Conversely, 90471 and 90472 cannot be reported or reimbursed if performed on the same day as an E/M service. The codes have a "T" status in the Federal Register, which means these services are not payable when reported on the same day as another service that is payable under the Physician Fee Schedule. Therefore, you could report only the immunization code and the E/M service.
If the nurse addresses the situation, you should bill 99211, Falbo says. If the physician or nurse practitioner intervenes, the service may warrant a higher E/M level. "The acid test is as follows: Outside of the flu shot, is there sufficient documentation of a history, exam and medical decision-making to warrant billing for a separate evaluation and management service," Falbo asks. "Is the medical necessity of the additional service clearly indicated in the progress note?"
If it is, you should bill the additional service and remember to append modifier -25 to the E/M code and link the appropriate diagnosis code to the E/M service and injection. "After having performed the service, linking the diagnosis codes to the appropriate CPT codes demonstrates the medical necessity of the service and increases the likelihood that the service will be paid appropriately," Falbo says.

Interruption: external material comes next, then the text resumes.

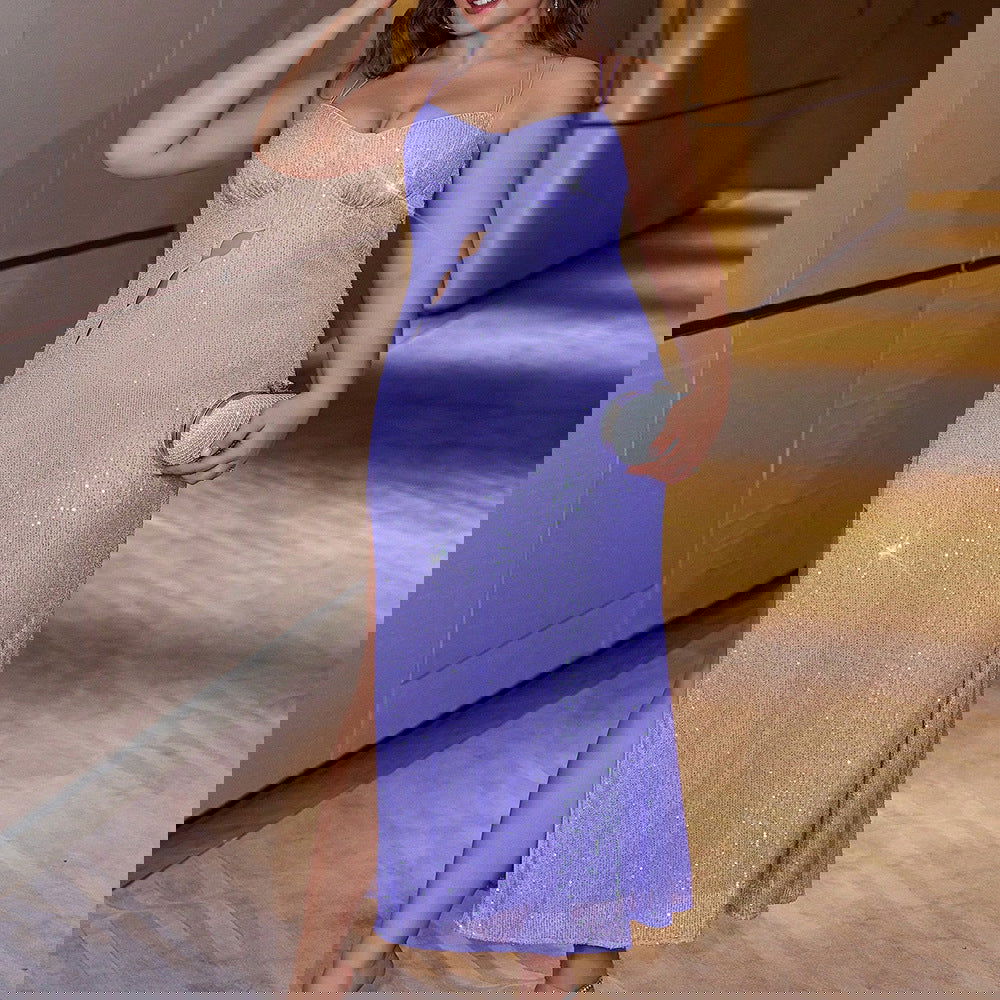 Plus Size Dress Party Sequin Sling Maxi Dress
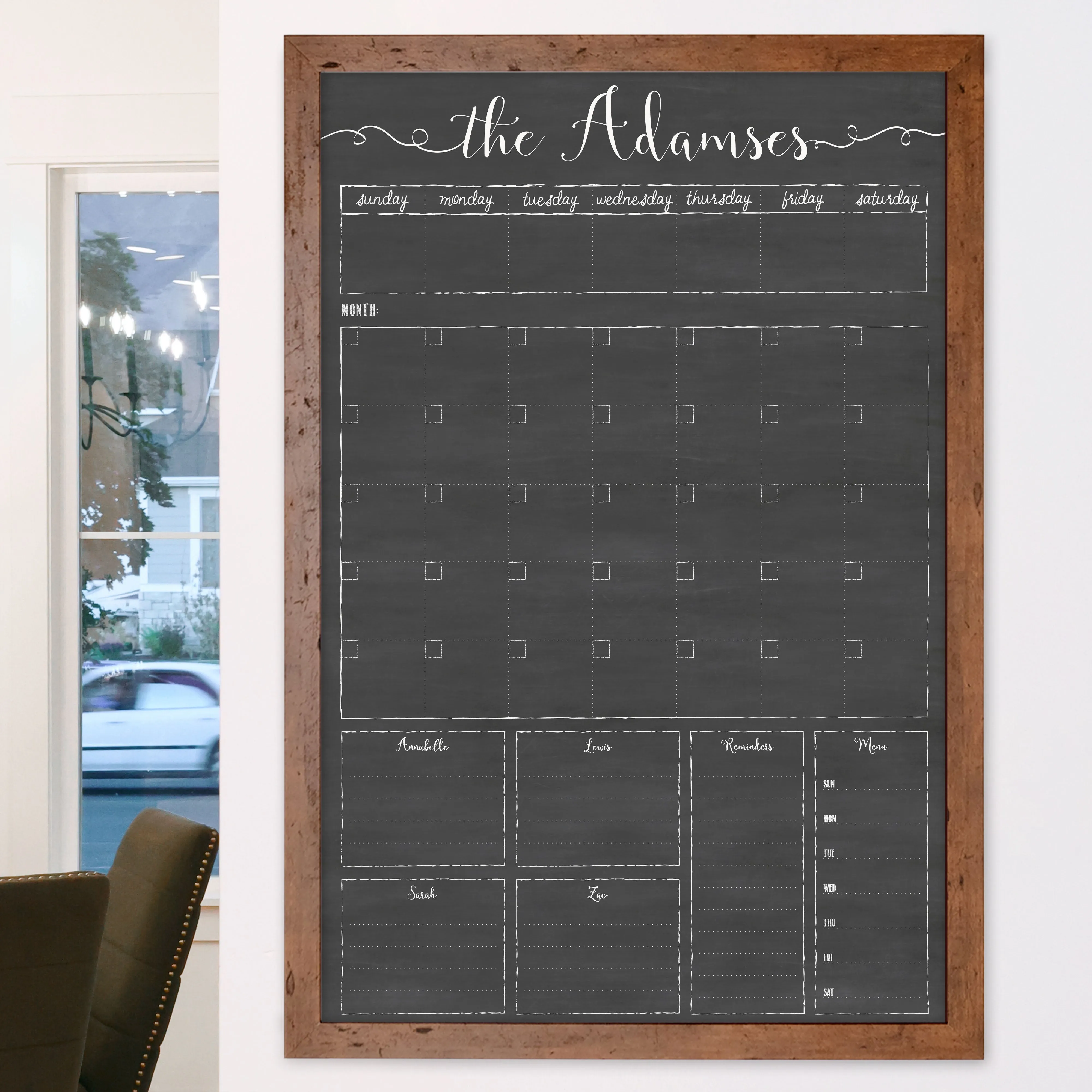 Week & Month Combo Framed Chalkboard   6 sections | Vertical Knope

And, some insurers will reimburse only if the patient is viewed as "high risk" for developing flu or pneumonia and want you to report the conditions that warrant the need for immunization, e.g., chronic obstructive pulmonary disease, 496. If the E/M service can be reported with a sign, symptom or condition (i.e., a related or unrelated problem that is addressed during the visit), this typically constitutes a separate and identifiable service.